Messages archivés dans 'Cuba'
La population de Cuba approche 11.5 millions d’habitants. Un seul d’entre eux est connu mondialement. Tristement, il est surtout mondialement méconnu.
Fidel Castro fêtera bientôt son 80e anniversaire. Même à cet âge honorable, il poursuit avec la même persévérance la révolution sociale entamée en 1959. Dictateur coupable de crimes contre l’humanité pour les uns, grand humaniste méritant le Nobel de la paix pour les autres… S’il est rare d’avoir affaire à une opinion à propos de Cuba qui soit nuancée, le débat semble irrémédiablement polarisé entre deux extrêmes lorsque c’est Fidel Castro qui en est l’objet. Question de rendre encore plus ardue la tâche de celui ou celle qui essaie de comprendre un peu ce qui se passe à Cuba, le discours porté par les médias et les agences de presse est incapable de dissocier le pays et le chef d’état. À croire que Cuba est Castro et que Castro est Cuba. Évidemment, quand on n’a accès qu’à cette vision, on en vient à s’imaginer que Fidel Castro est seul dans un grand palais à donner des ordres, dirigeant d’une main de fer une révolution en laquelle il est seul à croire. Et surgit inévitablement la question fatidique. Que deviendra Cuba après le départ de Castro ?

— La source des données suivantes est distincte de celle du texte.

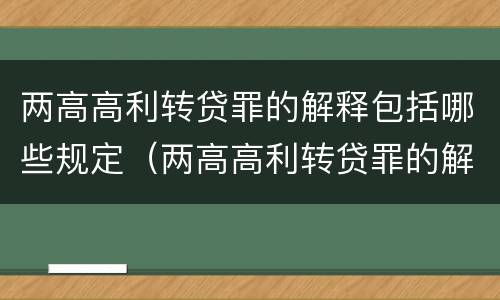 两高高利转贷罪的解释包括哪些规定（两高高利转贷罪的解释包括哪些规定呢）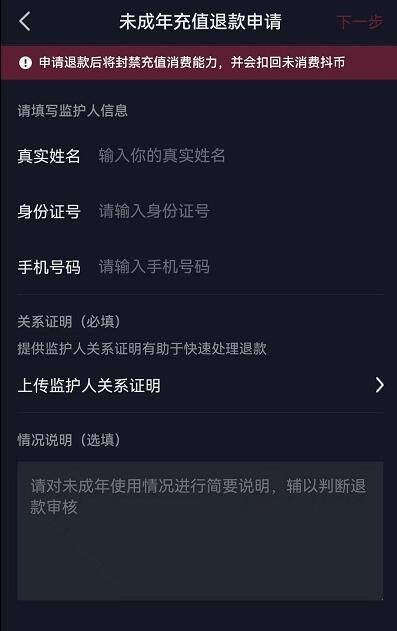 抖音未成年退款是全额吗_抖音未成年退款容易_抖音退款是全额吗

Je suis arrivé là-bas avec cette question en tête moi aussi. J’aurais pu m’attendre à retrouver Fidel Castro à tous les coins de rue, sous chaque pavé, derrière chaque palmier. Mais non. Il n’accueille pas les visiteurs à l’aéroport. Il ne conduit pas les autobus. Il ne parle pas à la place des fonctionnaires. Il ne cuisine pas les repas. Il ne signe pas tous les articles des journaux. Il n’apparait pas à la télévision à toutes les cinq minutes. Son portrait n’est pas affiché sur les façades d’immeubles et les panneaux routiers. À croire qu’il est déjà parti.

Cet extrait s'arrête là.